Atomic electron tomography (AET) enables the determination of 3D atomic structures by acquiring a sequence of 2D tomographic projection measurements of a particle and then computationally solving for its underlying 3D representation. Classical tomography algorithms solve for an intermediate volumetric representation that is post-processed into the atomic structure of interest. In this paper, we reformulate the tomographic inverse problem to solve directly for the locations and properties of individual atoms. We parameterize an atomic structure as a collection of Gaussians, whose positions and properties are learnable. This representation imparts a strong physical prior on the learned structure, which we show yields improved robustness to real-world imaging artifacts. Simulated experiments and a proof-of-concept result on experimentally-acquired data confirm our method's potential for practical applications in materials characterization and analysis with Transmission Electron Microscopy (TEM). Our code is available at https://github.com/nalinimsingh/gaussian-atoms.

Figures (10)

• Figure 1: Traditional methods for atomic electron tomography (AET) first computationally reconstruct a volumetric image of the sample and then identify the underlying atomic structure via a combination of algorithmic peak finding and manual post-processing. Our proposed method simplifies this workflow to solve for the 3D properties of each atom directly.
• Figure 2: Tomographic acquisition setup showing the sample that will be reconstructed (dark blue) tilted at various angles (dotted purple). Several particles outside of the region of interest (light blue) lie on the sample holder, and at high tilt angles (right), interfere with the acquired projection measurements. This results in the missing wedge problem where projection measurements cannot be acquired at certain angles, yielding an underdetermined inverse problem. Even beyond the missing wedge, angles maybe sampled sparsely for dose reduction.
• Figure 3: A single (central) slice of the 3D reconstruction and its corresponding atom identification for the simulated gold nanoparticle, for both the full-data case where all projection angles are available and the case of limited data (angles between -70° and -68° in 3° increments). We compare our reconstruction, which directly solves for atom properties, to several baseline algorithms that use volumetric reconstruction followed by atom tracing: Filtered Backprojection (FBP), Simultaneous Algebraic Reconstruction Technique (SART), and Implicit Neural Representation (INR). All methods perform fairly well in the case with no missing wedge, but the baseline performance degrades in the missing wedge case. Our method accurately finds the majority of atoms without yielding excessive false positives.
• Figure 4: Quantitative results on the particles in our dataset. All methods achieve a fairly high true positive rate on data with all angles, and this performance degrades slightly in the limited angle setting.
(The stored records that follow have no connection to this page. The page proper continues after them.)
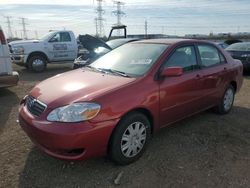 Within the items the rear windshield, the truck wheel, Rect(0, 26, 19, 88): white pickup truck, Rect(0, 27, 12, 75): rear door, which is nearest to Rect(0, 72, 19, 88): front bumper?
Rect(0, 26, 19, 88): white pickup truck

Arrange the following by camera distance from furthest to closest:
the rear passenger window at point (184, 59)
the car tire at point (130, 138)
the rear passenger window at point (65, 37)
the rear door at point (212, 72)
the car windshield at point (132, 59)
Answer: the rear passenger window at point (65, 37), the rear door at point (212, 72), the rear passenger window at point (184, 59), the car windshield at point (132, 59), the car tire at point (130, 138)

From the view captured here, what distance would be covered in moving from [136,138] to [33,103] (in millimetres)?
1403

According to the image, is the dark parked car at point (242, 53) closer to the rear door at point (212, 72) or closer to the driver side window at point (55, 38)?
the rear door at point (212, 72)

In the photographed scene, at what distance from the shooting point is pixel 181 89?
4.43 meters

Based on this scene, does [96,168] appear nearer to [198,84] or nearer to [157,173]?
[157,173]

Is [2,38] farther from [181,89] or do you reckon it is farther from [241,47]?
[241,47]

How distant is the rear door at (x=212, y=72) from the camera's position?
508 cm

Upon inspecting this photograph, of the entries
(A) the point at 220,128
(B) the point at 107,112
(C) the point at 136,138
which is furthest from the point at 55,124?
(A) the point at 220,128

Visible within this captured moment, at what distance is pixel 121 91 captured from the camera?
3.61 m

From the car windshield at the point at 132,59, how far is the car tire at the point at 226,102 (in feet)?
6.56

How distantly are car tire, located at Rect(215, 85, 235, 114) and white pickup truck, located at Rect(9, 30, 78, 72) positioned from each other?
9.01m

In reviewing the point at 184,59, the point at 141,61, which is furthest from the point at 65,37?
the point at 141,61

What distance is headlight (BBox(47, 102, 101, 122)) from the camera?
130 inches

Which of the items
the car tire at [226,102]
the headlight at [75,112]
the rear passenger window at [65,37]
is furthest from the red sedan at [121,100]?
the rear passenger window at [65,37] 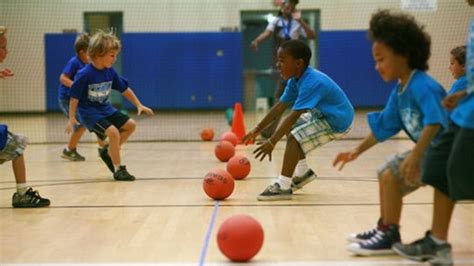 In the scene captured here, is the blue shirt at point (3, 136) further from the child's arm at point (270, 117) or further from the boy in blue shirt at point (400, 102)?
the boy in blue shirt at point (400, 102)

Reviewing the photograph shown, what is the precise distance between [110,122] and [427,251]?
4277mm

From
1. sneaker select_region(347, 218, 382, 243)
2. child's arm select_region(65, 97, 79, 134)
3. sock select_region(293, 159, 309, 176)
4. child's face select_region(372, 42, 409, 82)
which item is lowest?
sock select_region(293, 159, 309, 176)

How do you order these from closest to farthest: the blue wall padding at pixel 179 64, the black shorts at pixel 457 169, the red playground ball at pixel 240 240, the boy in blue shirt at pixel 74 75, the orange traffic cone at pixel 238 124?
the black shorts at pixel 457 169
the red playground ball at pixel 240 240
the boy in blue shirt at pixel 74 75
the orange traffic cone at pixel 238 124
the blue wall padding at pixel 179 64

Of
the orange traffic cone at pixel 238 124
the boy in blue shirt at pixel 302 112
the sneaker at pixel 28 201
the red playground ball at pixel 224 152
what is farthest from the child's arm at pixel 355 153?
the orange traffic cone at pixel 238 124

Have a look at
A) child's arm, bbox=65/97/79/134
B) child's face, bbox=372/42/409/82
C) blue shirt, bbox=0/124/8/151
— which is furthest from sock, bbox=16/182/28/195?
child's face, bbox=372/42/409/82

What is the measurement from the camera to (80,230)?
4.32 metres

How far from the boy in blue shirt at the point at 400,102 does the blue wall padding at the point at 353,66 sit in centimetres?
1400

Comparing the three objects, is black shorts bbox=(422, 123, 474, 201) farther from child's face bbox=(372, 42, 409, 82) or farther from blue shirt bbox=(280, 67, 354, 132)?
blue shirt bbox=(280, 67, 354, 132)

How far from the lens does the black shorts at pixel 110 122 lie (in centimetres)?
683

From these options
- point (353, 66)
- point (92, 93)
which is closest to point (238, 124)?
point (92, 93)

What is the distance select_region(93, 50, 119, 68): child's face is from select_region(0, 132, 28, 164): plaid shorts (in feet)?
5.74

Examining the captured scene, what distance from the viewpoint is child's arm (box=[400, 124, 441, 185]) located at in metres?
3.26

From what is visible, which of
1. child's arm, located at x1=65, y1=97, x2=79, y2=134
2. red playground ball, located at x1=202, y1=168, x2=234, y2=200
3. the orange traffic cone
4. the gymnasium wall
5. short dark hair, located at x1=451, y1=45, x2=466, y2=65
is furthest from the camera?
the gymnasium wall

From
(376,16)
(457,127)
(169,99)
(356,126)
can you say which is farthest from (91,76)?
(169,99) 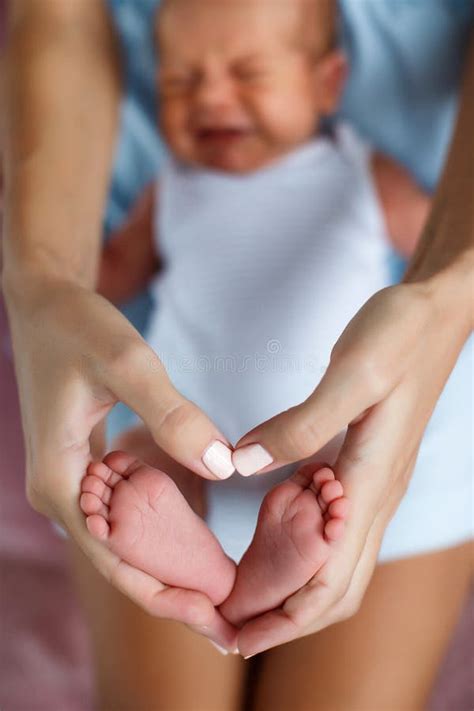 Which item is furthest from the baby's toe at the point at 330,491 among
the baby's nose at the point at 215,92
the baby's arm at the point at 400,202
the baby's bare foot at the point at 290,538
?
the baby's nose at the point at 215,92

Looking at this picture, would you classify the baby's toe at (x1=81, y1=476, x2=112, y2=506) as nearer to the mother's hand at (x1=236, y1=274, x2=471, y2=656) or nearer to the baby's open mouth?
the mother's hand at (x1=236, y1=274, x2=471, y2=656)

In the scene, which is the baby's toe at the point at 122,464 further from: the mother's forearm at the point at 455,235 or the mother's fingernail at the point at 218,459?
the mother's forearm at the point at 455,235

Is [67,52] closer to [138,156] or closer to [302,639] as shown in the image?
[138,156]

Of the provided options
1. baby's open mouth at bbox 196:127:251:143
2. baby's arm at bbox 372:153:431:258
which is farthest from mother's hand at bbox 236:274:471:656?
baby's open mouth at bbox 196:127:251:143

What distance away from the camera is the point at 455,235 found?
1.65 ft

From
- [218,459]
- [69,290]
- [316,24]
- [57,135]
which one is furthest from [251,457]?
[316,24]

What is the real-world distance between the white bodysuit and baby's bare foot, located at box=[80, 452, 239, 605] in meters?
0.03

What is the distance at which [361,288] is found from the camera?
517 millimetres

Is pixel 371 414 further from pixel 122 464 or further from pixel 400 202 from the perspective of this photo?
pixel 400 202

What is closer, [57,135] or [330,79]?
[57,135]

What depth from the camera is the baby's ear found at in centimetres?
70

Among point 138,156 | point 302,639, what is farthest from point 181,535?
Answer: point 138,156

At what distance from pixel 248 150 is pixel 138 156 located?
0.15 meters

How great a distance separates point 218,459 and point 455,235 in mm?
202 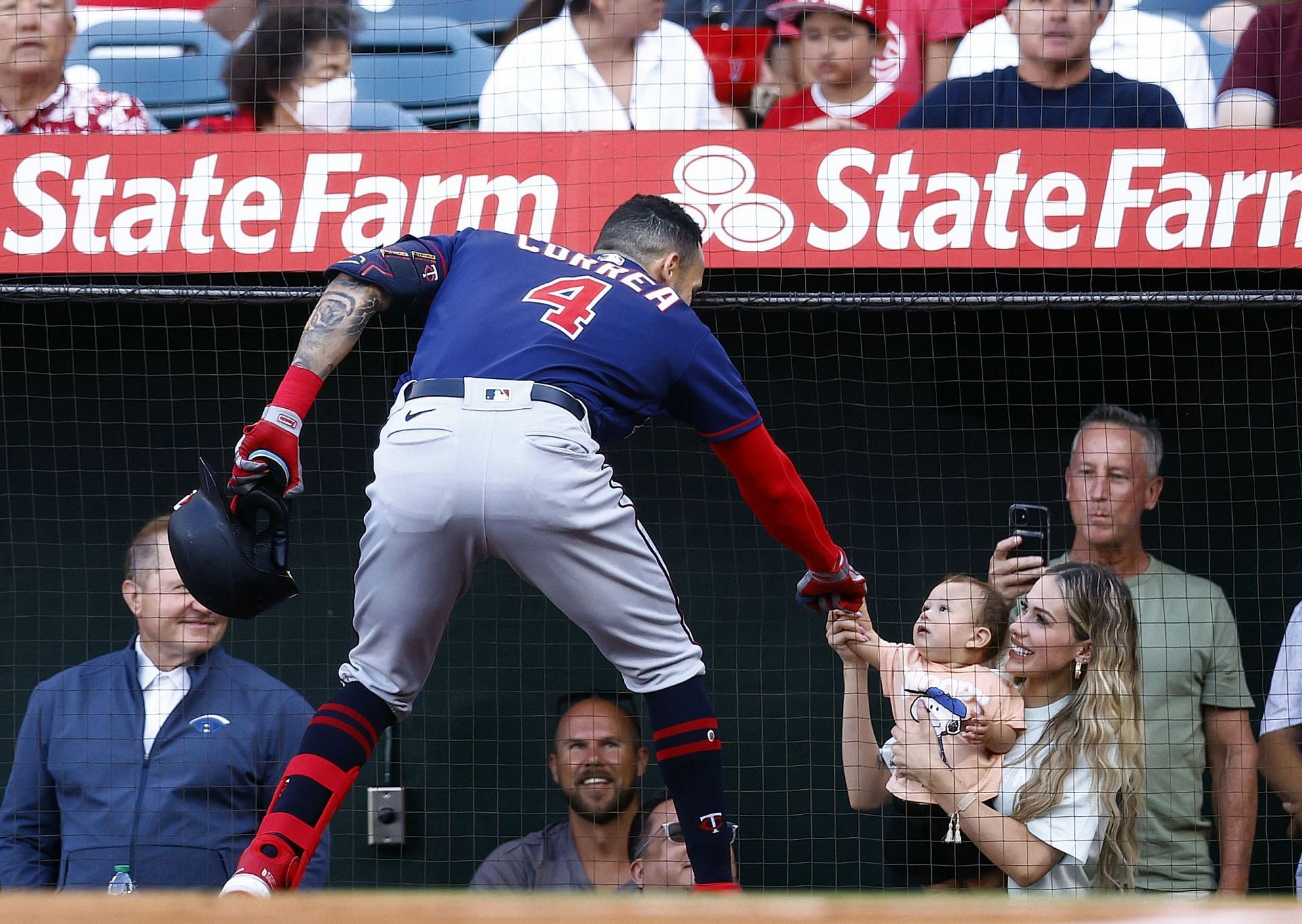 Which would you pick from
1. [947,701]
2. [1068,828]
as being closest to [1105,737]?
[1068,828]

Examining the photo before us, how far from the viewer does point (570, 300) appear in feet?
9.70

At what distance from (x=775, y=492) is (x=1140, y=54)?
225cm

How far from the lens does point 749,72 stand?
466 cm

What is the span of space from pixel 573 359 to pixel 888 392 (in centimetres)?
198

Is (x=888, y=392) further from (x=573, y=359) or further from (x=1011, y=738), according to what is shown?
(x=573, y=359)

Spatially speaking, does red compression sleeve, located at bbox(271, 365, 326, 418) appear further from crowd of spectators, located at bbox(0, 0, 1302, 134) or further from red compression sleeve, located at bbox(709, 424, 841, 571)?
crowd of spectators, located at bbox(0, 0, 1302, 134)

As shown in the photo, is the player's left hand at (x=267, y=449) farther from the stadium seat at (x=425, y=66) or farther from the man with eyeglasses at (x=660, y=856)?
the stadium seat at (x=425, y=66)

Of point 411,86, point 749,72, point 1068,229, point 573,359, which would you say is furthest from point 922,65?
point 573,359

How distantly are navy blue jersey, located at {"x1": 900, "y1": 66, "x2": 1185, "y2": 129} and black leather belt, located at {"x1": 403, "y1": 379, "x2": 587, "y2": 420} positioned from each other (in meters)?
1.74

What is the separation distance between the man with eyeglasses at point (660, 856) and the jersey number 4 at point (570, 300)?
62.9 inches

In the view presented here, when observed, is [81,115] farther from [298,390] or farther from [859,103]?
[859,103]

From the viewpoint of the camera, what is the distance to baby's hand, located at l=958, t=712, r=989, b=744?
353cm

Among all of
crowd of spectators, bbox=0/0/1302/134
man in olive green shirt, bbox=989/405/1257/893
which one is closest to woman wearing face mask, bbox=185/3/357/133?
crowd of spectators, bbox=0/0/1302/134

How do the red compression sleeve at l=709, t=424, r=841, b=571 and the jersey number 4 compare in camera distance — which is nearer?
the jersey number 4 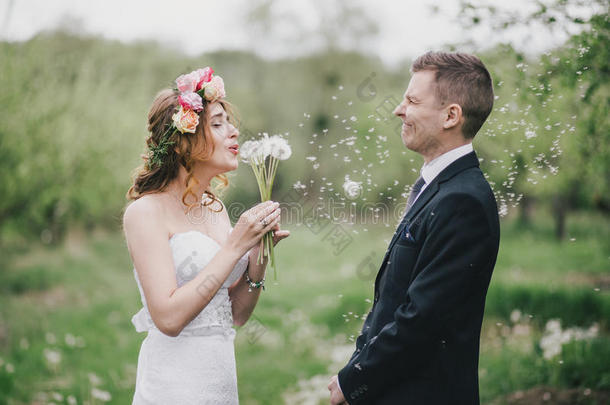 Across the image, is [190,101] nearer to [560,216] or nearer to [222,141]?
[222,141]

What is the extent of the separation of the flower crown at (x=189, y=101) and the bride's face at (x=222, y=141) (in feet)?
0.30

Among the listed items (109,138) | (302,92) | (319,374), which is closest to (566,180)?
(319,374)

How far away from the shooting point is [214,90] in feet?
10.1

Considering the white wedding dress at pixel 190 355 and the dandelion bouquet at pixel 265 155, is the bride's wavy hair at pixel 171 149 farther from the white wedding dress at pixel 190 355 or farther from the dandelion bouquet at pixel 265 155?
the white wedding dress at pixel 190 355

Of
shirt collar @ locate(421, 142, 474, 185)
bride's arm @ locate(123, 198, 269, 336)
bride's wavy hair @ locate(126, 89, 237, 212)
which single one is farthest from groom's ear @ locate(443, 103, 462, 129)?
bride's wavy hair @ locate(126, 89, 237, 212)

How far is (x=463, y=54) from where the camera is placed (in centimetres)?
257

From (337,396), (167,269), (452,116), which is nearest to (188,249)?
(167,269)

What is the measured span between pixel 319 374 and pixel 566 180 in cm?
989

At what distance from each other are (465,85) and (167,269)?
1757 millimetres

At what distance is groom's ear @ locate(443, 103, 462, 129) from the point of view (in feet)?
8.25

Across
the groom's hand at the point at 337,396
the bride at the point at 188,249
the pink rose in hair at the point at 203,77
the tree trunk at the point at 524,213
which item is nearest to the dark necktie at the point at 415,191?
the bride at the point at 188,249

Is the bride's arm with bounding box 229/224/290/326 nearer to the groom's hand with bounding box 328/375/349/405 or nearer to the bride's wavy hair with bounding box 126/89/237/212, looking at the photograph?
the bride's wavy hair with bounding box 126/89/237/212

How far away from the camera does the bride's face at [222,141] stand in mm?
3051

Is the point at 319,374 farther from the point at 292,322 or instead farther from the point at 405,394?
the point at 405,394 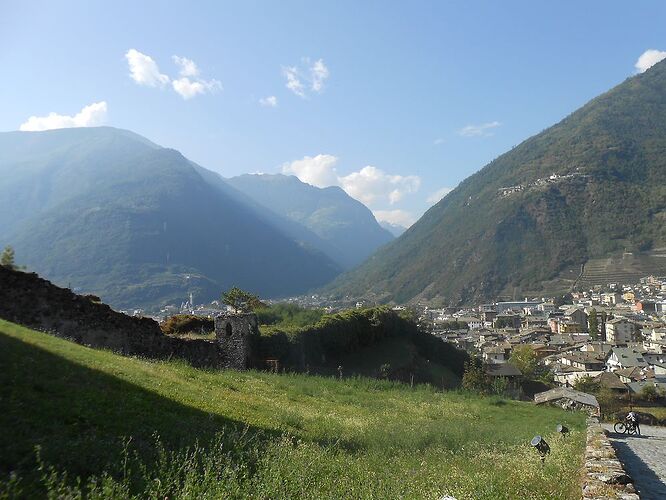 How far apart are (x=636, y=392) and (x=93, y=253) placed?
162 meters

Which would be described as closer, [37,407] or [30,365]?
[37,407]

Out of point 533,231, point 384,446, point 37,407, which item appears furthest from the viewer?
point 533,231

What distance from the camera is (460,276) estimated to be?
535 feet

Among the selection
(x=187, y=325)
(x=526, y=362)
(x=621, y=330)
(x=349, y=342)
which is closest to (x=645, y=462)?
(x=187, y=325)

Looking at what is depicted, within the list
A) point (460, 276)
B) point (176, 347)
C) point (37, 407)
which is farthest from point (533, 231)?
point (37, 407)

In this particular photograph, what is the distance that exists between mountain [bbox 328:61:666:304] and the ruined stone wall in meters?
144

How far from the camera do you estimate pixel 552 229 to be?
155750mm

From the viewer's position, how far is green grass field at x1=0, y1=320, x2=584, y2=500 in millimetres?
5168

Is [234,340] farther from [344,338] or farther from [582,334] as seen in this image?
[582,334]

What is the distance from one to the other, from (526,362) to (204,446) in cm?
7113

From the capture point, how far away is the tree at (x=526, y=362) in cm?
6564

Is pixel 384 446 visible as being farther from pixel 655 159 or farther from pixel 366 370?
pixel 655 159

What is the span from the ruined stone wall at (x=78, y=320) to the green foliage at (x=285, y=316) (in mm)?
17132

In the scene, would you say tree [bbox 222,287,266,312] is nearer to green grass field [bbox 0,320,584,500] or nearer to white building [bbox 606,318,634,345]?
green grass field [bbox 0,320,584,500] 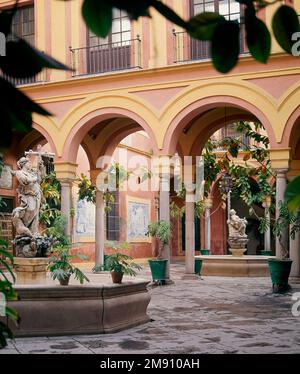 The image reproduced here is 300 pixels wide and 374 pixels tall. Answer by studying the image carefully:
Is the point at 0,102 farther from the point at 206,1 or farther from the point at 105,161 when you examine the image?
the point at 105,161

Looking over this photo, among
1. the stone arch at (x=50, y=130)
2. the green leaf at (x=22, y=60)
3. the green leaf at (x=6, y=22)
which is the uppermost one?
the stone arch at (x=50, y=130)

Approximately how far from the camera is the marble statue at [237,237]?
17344 millimetres

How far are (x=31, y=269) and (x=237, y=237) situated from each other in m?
10.00

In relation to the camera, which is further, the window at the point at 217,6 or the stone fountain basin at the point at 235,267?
the stone fountain basin at the point at 235,267

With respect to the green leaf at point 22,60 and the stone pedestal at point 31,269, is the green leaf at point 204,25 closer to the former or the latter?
the green leaf at point 22,60

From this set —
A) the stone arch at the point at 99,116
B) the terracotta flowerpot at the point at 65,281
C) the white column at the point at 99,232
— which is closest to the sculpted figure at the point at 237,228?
the white column at the point at 99,232

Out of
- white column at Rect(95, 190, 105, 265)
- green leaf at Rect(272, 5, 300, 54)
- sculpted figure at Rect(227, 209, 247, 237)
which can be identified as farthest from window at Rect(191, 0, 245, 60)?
green leaf at Rect(272, 5, 300, 54)

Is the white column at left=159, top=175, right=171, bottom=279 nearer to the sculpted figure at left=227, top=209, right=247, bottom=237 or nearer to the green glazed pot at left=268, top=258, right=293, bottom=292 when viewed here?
the green glazed pot at left=268, top=258, right=293, bottom=292

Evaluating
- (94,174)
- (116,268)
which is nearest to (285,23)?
(116,268)

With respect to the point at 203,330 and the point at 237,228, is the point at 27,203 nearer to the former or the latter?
the point at 203,330

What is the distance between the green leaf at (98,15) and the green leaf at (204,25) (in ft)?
0.45

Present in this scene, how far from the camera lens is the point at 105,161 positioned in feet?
54.9

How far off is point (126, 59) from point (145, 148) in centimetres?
1132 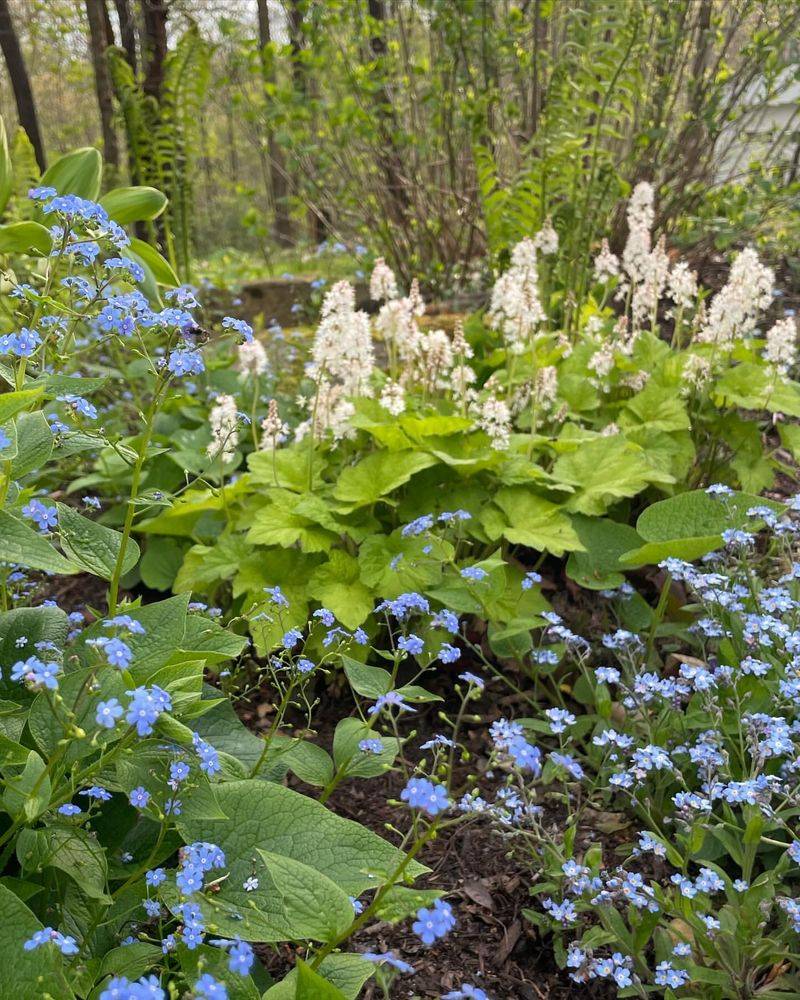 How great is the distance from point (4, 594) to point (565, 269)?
3.26 m

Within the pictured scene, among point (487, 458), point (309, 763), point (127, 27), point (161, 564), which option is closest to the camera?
point (309, 763)

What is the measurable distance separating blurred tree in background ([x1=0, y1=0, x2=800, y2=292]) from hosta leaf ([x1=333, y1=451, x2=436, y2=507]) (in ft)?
6.41

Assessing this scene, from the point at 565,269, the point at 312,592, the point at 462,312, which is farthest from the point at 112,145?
the point at 312,592

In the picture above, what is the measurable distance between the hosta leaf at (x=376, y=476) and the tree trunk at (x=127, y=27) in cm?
501

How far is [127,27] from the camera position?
6.36 metres

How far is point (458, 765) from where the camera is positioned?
2273mm

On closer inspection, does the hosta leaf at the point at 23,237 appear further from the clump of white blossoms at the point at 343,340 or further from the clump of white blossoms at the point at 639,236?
the clump of white blossoms at the point at 639,236

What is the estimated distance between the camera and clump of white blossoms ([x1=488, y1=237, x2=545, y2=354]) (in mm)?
2928

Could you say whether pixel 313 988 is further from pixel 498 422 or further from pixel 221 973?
pixel 498 422

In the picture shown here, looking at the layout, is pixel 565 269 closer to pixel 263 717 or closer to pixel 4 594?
pixel 263 717

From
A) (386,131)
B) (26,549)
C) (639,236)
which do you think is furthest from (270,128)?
(26,549)

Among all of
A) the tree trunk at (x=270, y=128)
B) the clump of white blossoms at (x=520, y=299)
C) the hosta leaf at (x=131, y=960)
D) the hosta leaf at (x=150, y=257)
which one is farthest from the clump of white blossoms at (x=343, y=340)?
the tree trunk at (x=270, y=128)

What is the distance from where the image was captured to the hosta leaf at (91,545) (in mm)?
1533

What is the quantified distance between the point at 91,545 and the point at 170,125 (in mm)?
3840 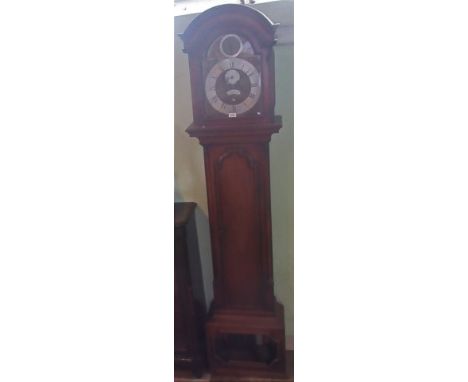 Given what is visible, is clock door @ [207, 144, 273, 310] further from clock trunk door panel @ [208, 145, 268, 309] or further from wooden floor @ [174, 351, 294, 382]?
wooden floor @ [174, 351, 294, 382]

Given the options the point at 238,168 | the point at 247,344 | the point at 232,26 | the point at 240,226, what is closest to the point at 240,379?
the point at 247,344

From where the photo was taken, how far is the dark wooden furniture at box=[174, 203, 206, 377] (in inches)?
50.1

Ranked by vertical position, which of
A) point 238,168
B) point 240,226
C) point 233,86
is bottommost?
point 240,226

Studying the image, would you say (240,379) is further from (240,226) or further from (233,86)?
(233,86)

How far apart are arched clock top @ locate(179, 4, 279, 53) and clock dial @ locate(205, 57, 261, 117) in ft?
0.23

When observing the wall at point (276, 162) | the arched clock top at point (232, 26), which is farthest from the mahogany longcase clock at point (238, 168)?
the wall at point (276, 162)

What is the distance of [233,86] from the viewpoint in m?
1.13

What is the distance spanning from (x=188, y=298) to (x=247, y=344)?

However, other methods' performance degrades dramatically in terms of false positive rate in the limited data setting, while our method is less affected. Similarly, the reconstruction quality of other methods decreases more dramatically in the limited data setting.
• Figure 5: Ablation study showing the effect of physical constraints on our method's structure identification. Top row: atom localization for an idealized slice of the simulated double-wall Zirconium-Tellurium carbon nanotube with all projection angles and no noise or probe blur. Bottom row: learned Gaussian amplitude for matched atoms. When the isotropic and minimum distance constraints are not included, multiple Gaussians are fit to each atom, yielding an inaccurate structural representation. Each Gaussian is typically fit with a lower amplitude to compensate for the presence of several other atoms close by (note the different x-axis scales). Our physical constraints force a 1-to-1 correspondence between Gaussians and atoms, which in turn allows their learned opacities to distribute separably by atomic species.